=== WORKING DATA ===

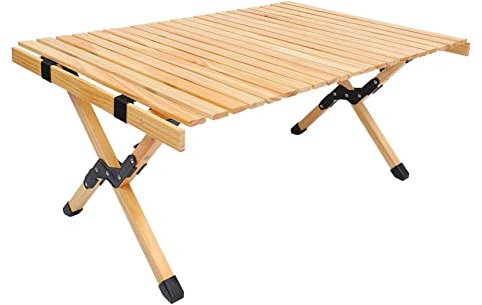 WOONEKY Klappbarer Esstisch Aus Holz Picknicktisch Tragbarer Tisch Leicht Zusammenklappbar Platzsparend Für Innen Und Außenbereich Als Teetisch Gartentisch Geeignet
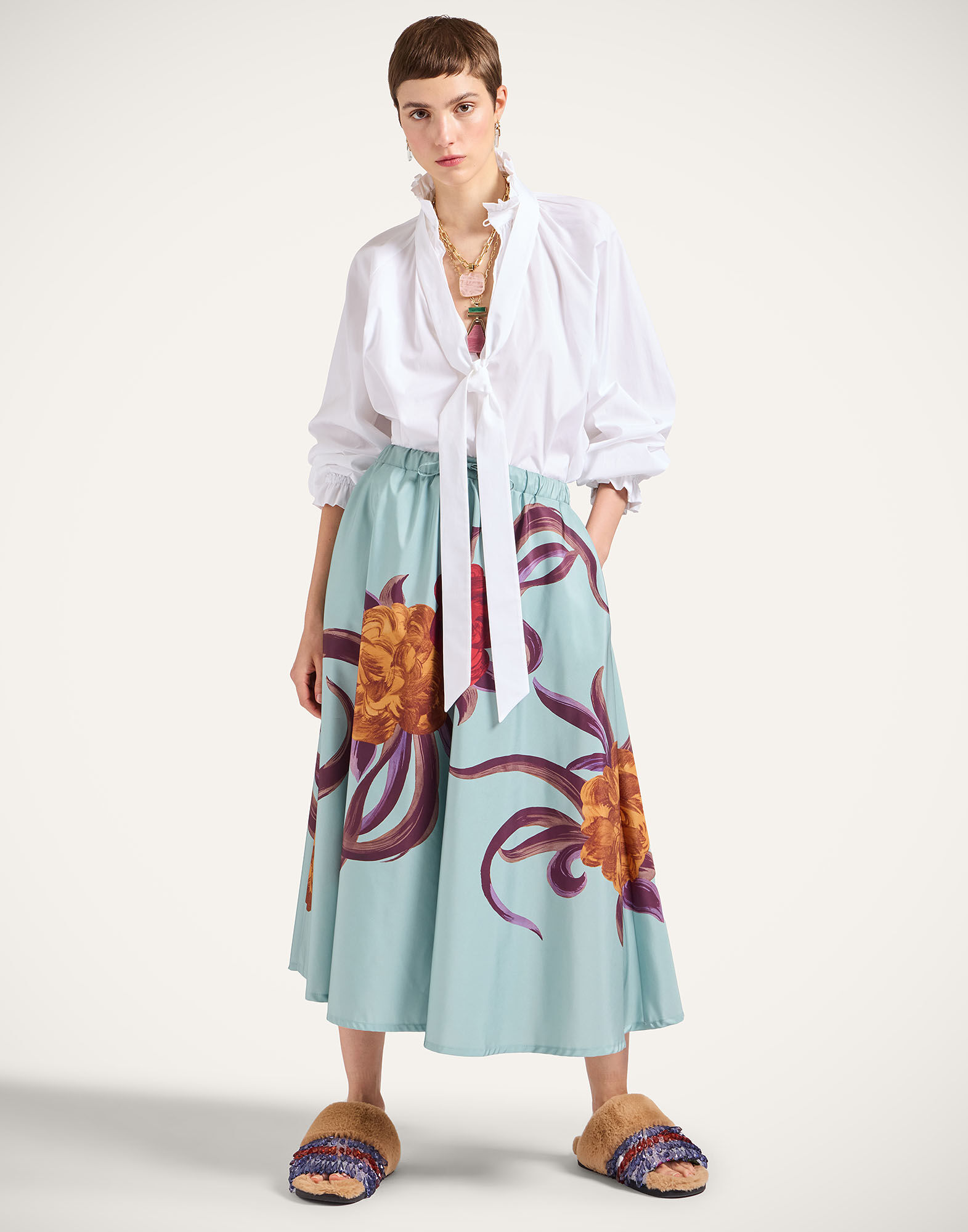 La DoubleJ Drawstring Skirt Peony Plac&eacute;e Light Blue SKI0106FAI004PEO06BU01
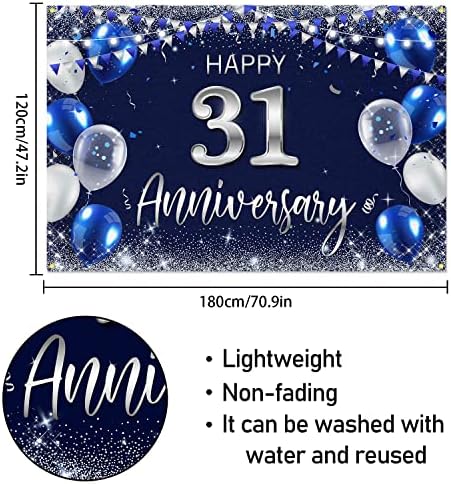 Честит Фон за 31–та Годишнина на Банер Декор Тъмно Синьо - Сребрист Блясък Щастлив 31-Годишнина от Сватбата Тематични Украси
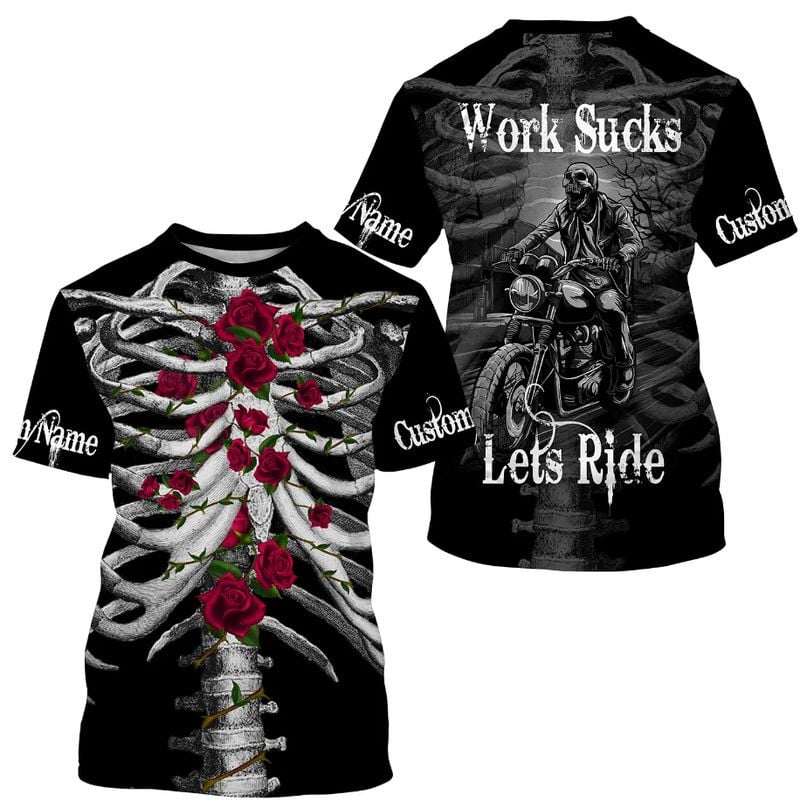 Bikergod Motorcycle Work Sucks Lets Ride Custom Name  T-shirt Design 3D Full Printed Sizes S - 5XL - NMQE111A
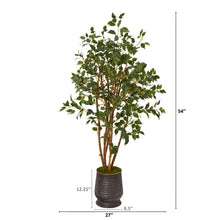 Load image into Gallery viewer, 4.5' Ficus Artificial Tree in Ribbed Metal Planter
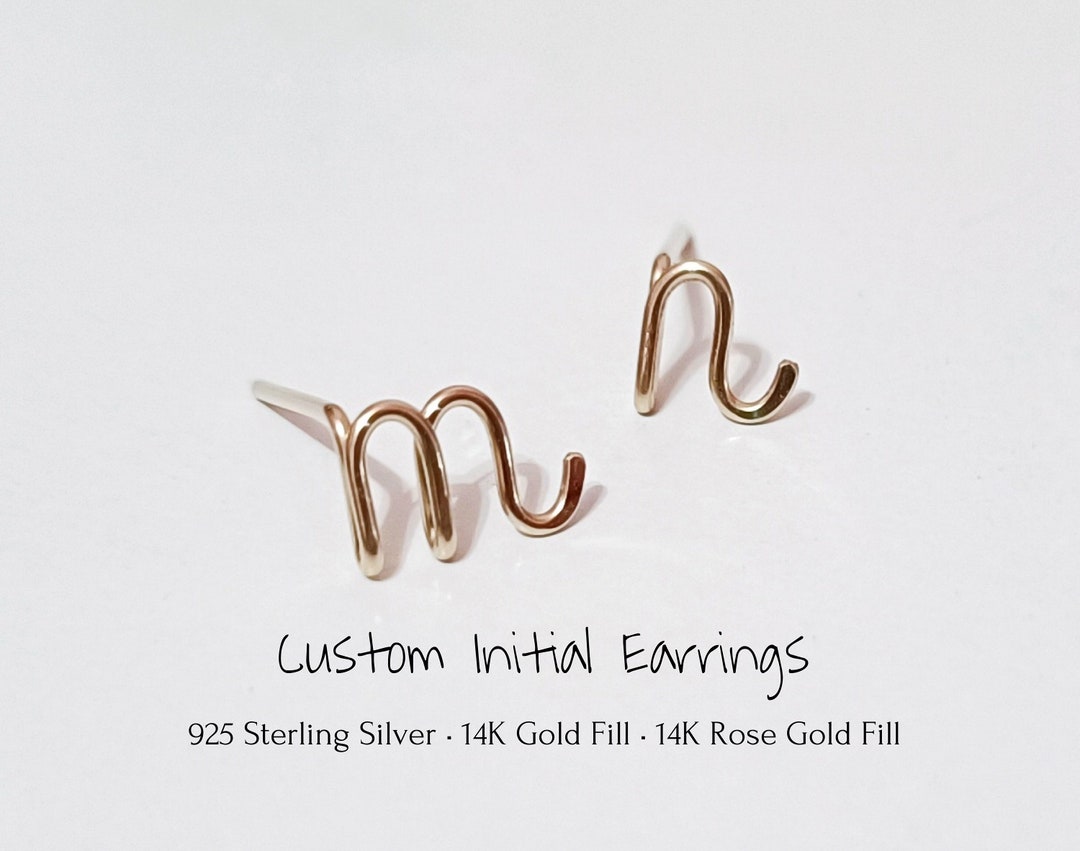 Custom Initial Stud Earrings Tiny Posts Sterling Silver 14K Gold Filled ...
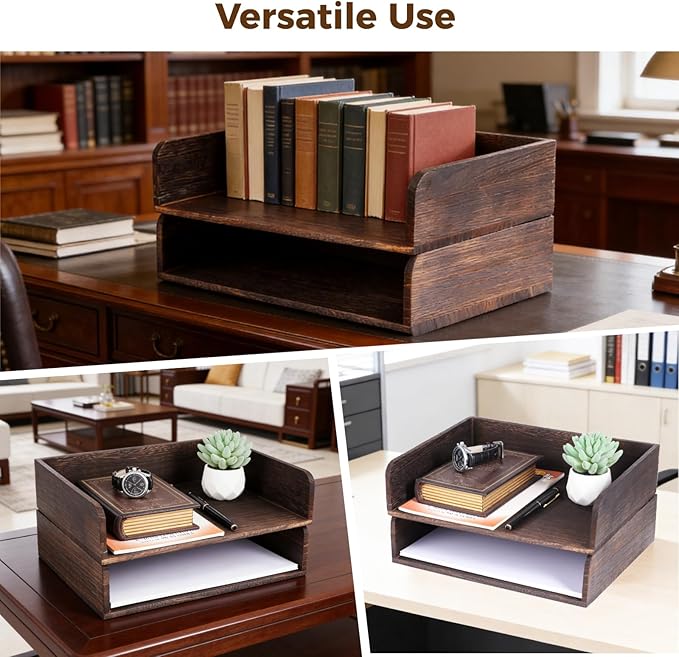 2 Pcs Stackable Desk Tray, Wood Document Organizer, Retro Brown Desktop Accessories with Open Front Design, Wooden Folder Organization Rack Desk Tray for Office, Home, 12.4 x 9.4 x 3.5 in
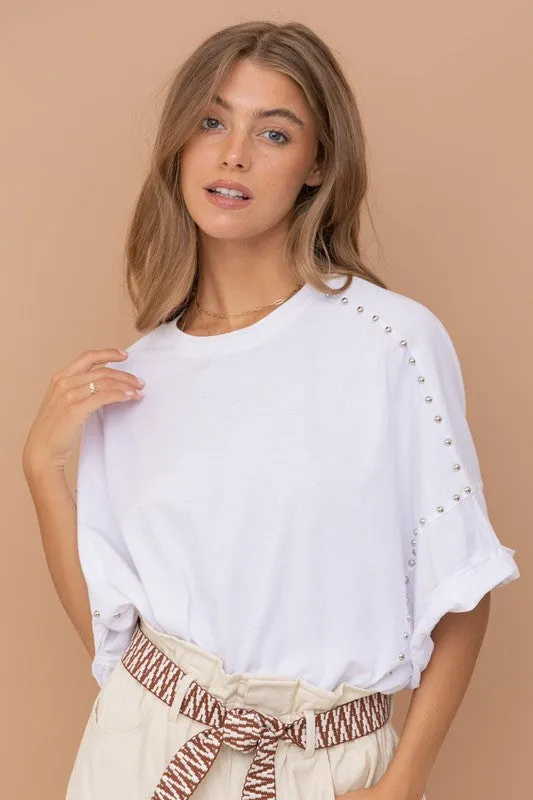 Studded Oversized High Low T Shirt  *Online Only*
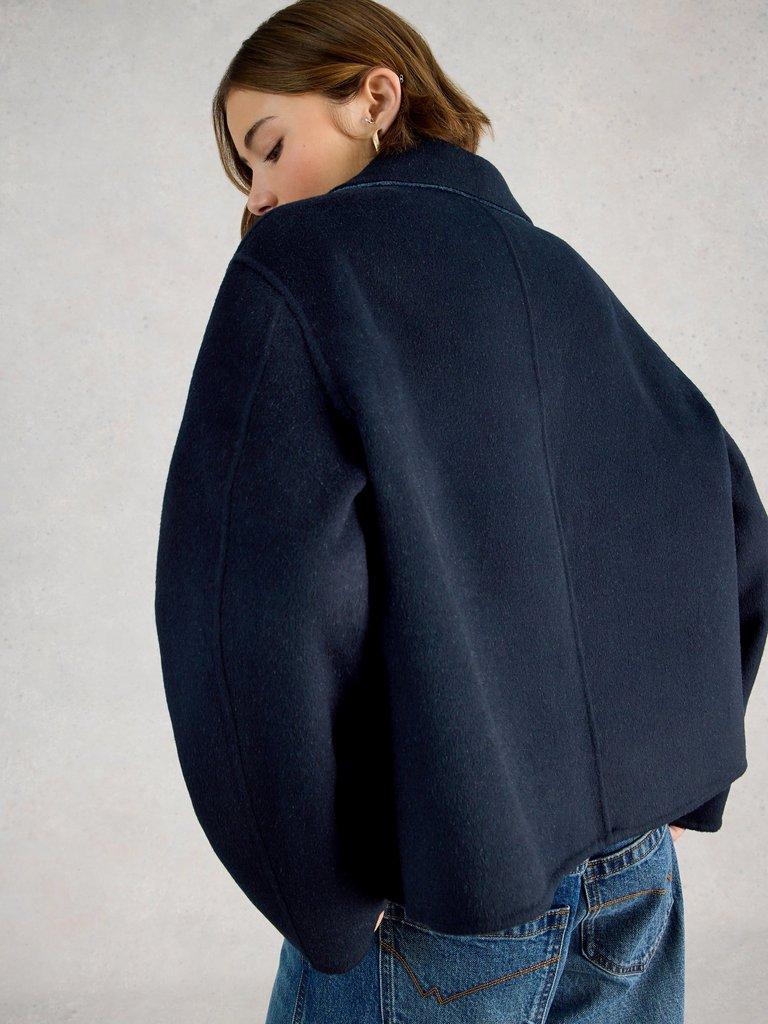 Aden Wool Blend Jacket in NAVY MULTI - MODEL BACK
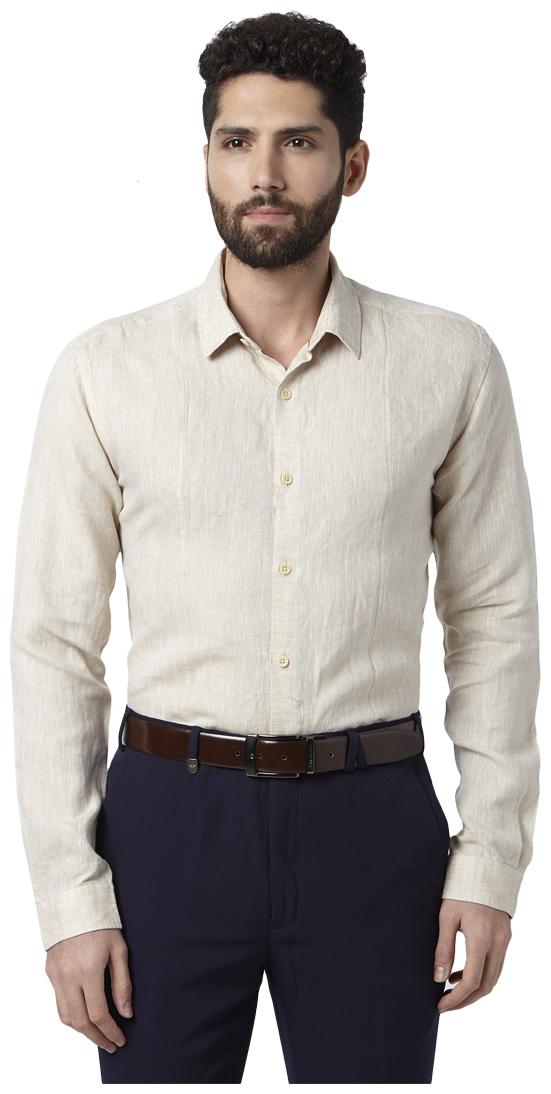 

Park Avenue Men Brown Solid Slim Fit Casual Shirt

===

• _PROBLEM DESCRIPTION_
Repeat word for word, leaving out the pictures, each line of the records from the line that holds "La DoubleJ Drawstring" through the final one.

• _TASK RESPONSE_
 La DoubleJ Drawstring Skirt Peony Plac&eacute;e Light Blue SKI0106FAI004PEO06BU01
 Честит Фон за 31–та Годишнина на Банер Декор Тъмно Синьо - Сребрист Блясък Щастлив 31-Годишнина от Сватбата Тематични Украси
 Bikergod Motorcycle Work Sucks Lets Ride Custom Name  T-shirt Design 3D Full Printed Sizes S - 5XL - NMQE111A
 Load image into Gallery viewer, 4.5' Ficus Artificial Tree in Ribbed Metal Planter
 Custom Initial Stud Earrings Tiny Posts Sterling Silver 14K Gold Filled ...
 2 Pcs Stackable Desk Tray, Wood Document Organizer, Retro Brown Desktop Accessories with Open Front Design, Wooden Folder Organization Rack Desk Tray for Office, Home, 12.4 x 9.4 x 3.5 in
 Studded Oversized High Low T Shirt  *Online Only*
 Aden Wool Blend Jacket in NAVY MULTI - MODEL BACK

Park Avenue Men Brown Solid Slim Fit Casual Shirt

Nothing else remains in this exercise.